Ms. Moss-Buchanan's affidavit (and Statement of Additional Facts) identifies the terminated employees and their races;
identifies the employees who selected the non-union employees for
termination and their races; claims that she was effectively
replaced by an employee making more money than she; and notes
that two of the four project coordinators who remained with the
DOR were white, had less years experience than her, and (on
average) earned more money than Plaintiff. This evidence,
Plaintiff claims, necessarily defeats Defendant's Motion for
However, Ms. Moss-Buchanan's affidavit is insufficient to
create a genuine issue of fact because it is self-serving and
lacking in personal knowledge. Therefore, she has submitted no
admissible evidence that would permit the Court to infer that
similarly situated, non-African-American employees were not
terminated and that Defendant's proffered explanation for
terminating Ms. Moss-Buchanan was merely a pretext for
Rule 56(e) states that affidavits opposing summary judgment
motions "shall be made on personal knowledge, shall set forth
such facts as would be admissible in evidence, and shall show
affirmatively that the affiant is competent to testify to the
matters stated therein." Fed R. Civ. P. 56(e). Ms. Moss-Buchanan
fails to demonstrate how she has personal knowledge as to 1)
which employees participated in the selection of which non-union employees to terminate, 2) which employees assumed her
responsibilities after her termination; and 3) the race, salaries
and years of service of the remaining employees. Instead, Ms.
Moss-Buchanan's affidavit is nothing more than a self-serving
affidavit, lacking factual support in the record. As the Seventh
Circuit has explained, such affidavits will not defeat a motion
for summary judgment:
Conclusory Statements, unsupported by the evidence of
record, are insufficient to avoid summary judgment. . . .

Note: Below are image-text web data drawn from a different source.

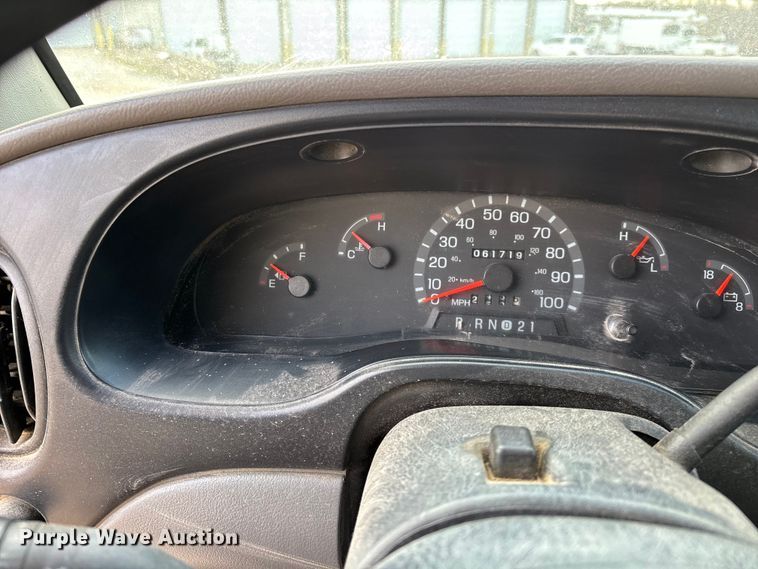image for item FG0184 2001 Ford E350 utility van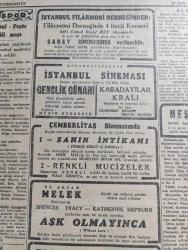 Cumhuriyet Gazetesi - 15 Ocak 1947 - çıkar yol yazan Nadir Nadi Başmakale - Millet Meclisinin bugünkü içtimai - İstanbul milletvekili salomon adatto'nun durumu görüşülecek - Suriye'de Türklere karşı tazyik başladı - Lazkiye Fırat ve cezire bölgelerini memnu mıntıka ilan ettiler - Ürdün kralı Abdullah vilayet konağındaki öğle yemeğinde fotoğraf - halk partisi'nde Hamdullah Suphi Tanrıöver'den başka Muhittin Baha Pars da verdiği takriri izah edecek - belediye kararına göre Bugünden itibaren kıvırcık et 225 karaman 220 kuruşa satılacak - rakı fiyatları her şeye rağmen indirildi - Azerbaycan'da neler oluyor yazan Mirza Bala - Erses sving Orkestrası - senede bir gün filmi reji Ferdi Tayfur başrolde Cahide Sonku Suavi Tedü İpek ve Saray sinemasında - Yavuz Sultan Selim ağlıyor yazan Feridun Fazıl Tülbentçi yazı dizisi - sihirbaz bir kadınla evlendim filmi Pangaltı İnci sinemasında - Lana Turner'in aşk dramı gönül yarası Marmara sinemasında - tiyatro küçük şehir devam ediyor - bulmaca
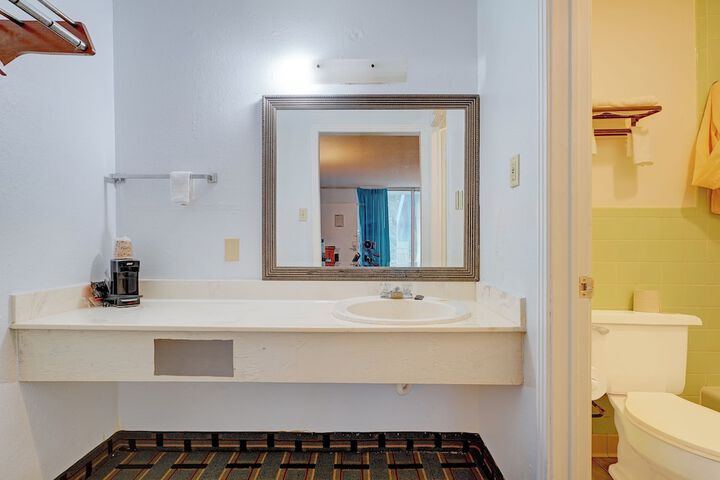 Room 41 of 61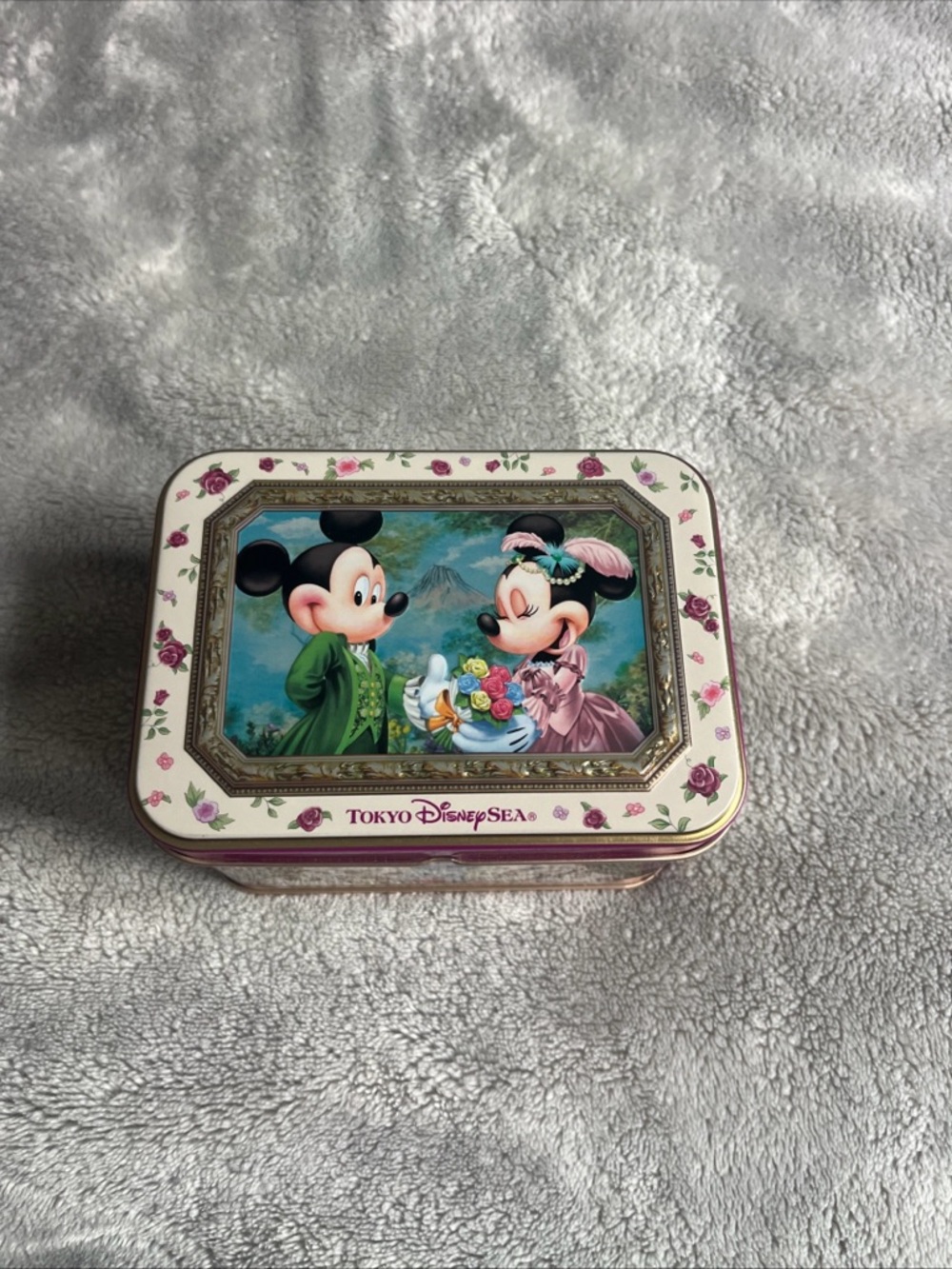 Disney tokyo Mickey & Minnie Decorative Tin -rare limited edition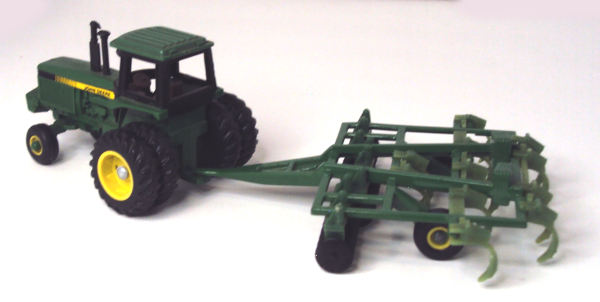 John Deere tractor with Disc cultivator 1:64 scale by Ertl (2 sets)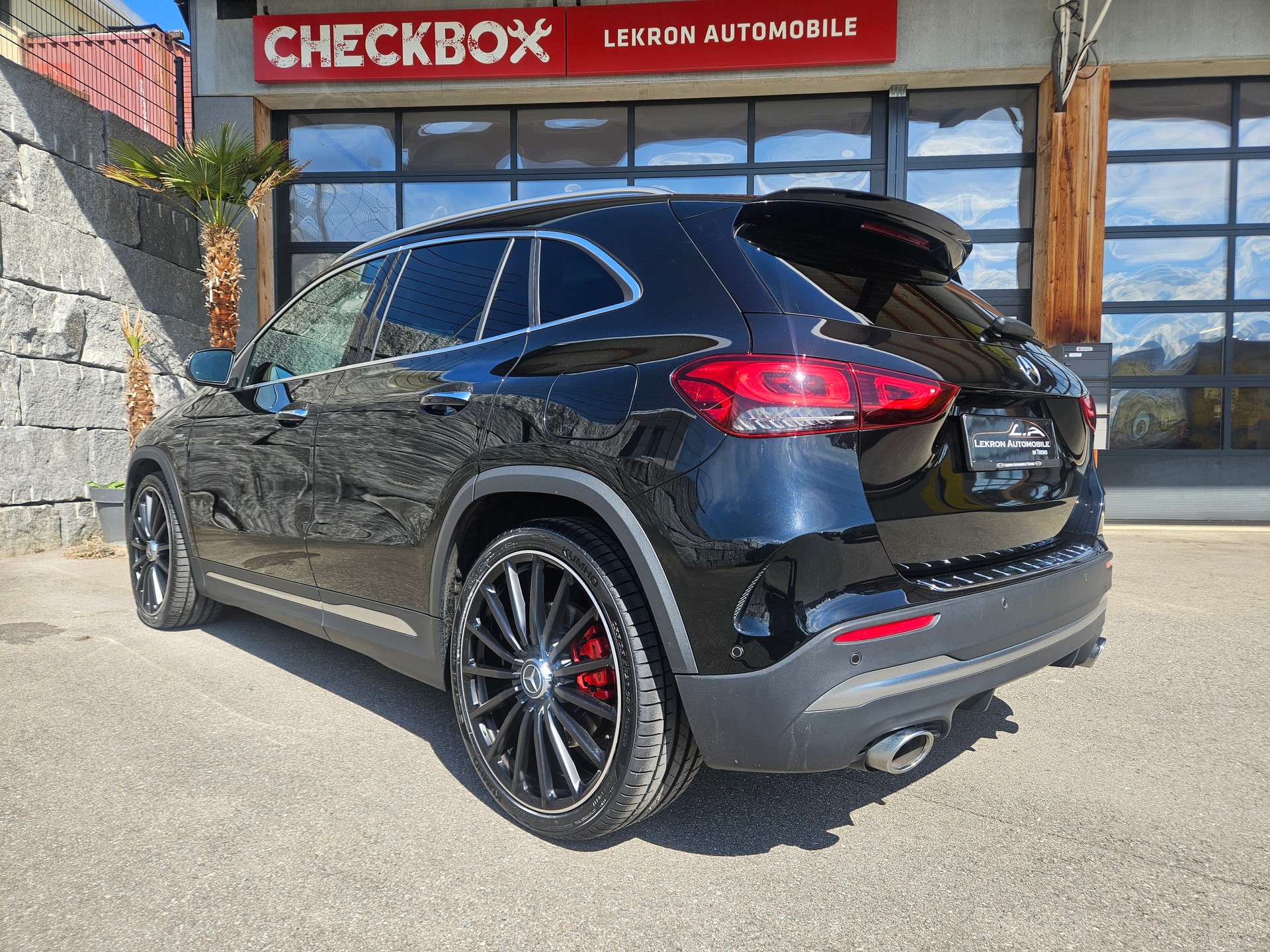 MERCEDES-BENZ GLA 35 AMG 4Matic 8G-Speedshift DCT-image-4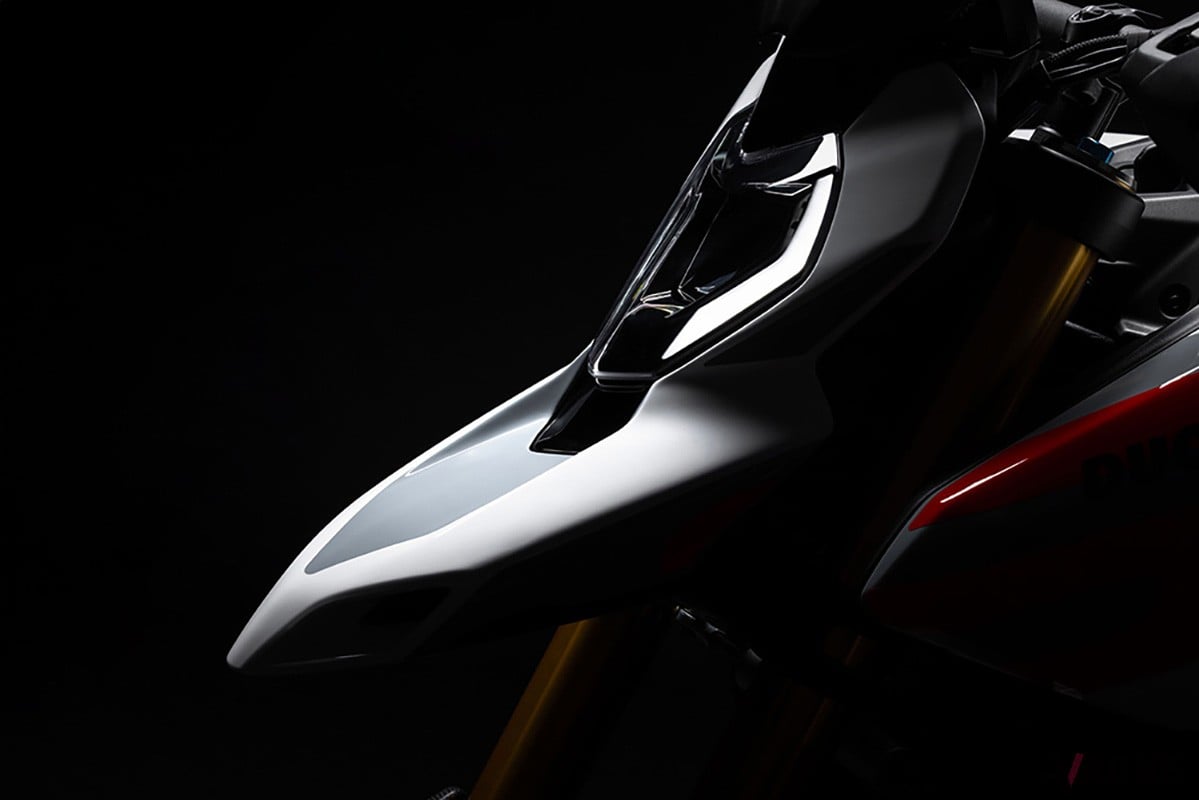 ドゥカティ新型「ハイパーモタードV2」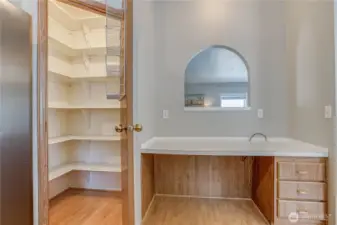 Walk in Pantry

`Rule 56 demands something more specific than the
bald assertion of the general truth of a particular
matter . . . rather it requires affidavits that cite
specific concrete facts establishing the existence of
the truth of the matter asserted. . . . We require
that the party opposing the motion take reasonable
steps to provide the district court sufficient
evidence to create a genuine issue of material fact.
Albiero v. City of Kankakee, 246 F.3d 927
, 933 (7th Cir.
2001) (quotations and citation omitted.) (Noting that the
plaintiff's submission of a self-serving affidavit could not take
the place of submit photographs, independent inspection report,
or other independent evidence.)
Finally, Ms. Moss-Buchanan's Statement of Additional Facts is
deficient, even though it was submitted with her affidavit,
because it fails to comply with Local Rule 56.1 by specifically
citing to record evidence.
Therefore, the Court finds that there is no genuine issue of
material fact that Defendant terminated Ms. Moss-Buchanan as a
part of its reduction in workforce, because of her middle management position and her salary, and not because of her race.
For the reasons set forth above, the Court finds that there is
no genuine issue of material fact that Defendant's decision to
terminate Plaintiffs was motivated by racial animus. Accordingly,
the Court grants the City's Motion for Summary Judgment.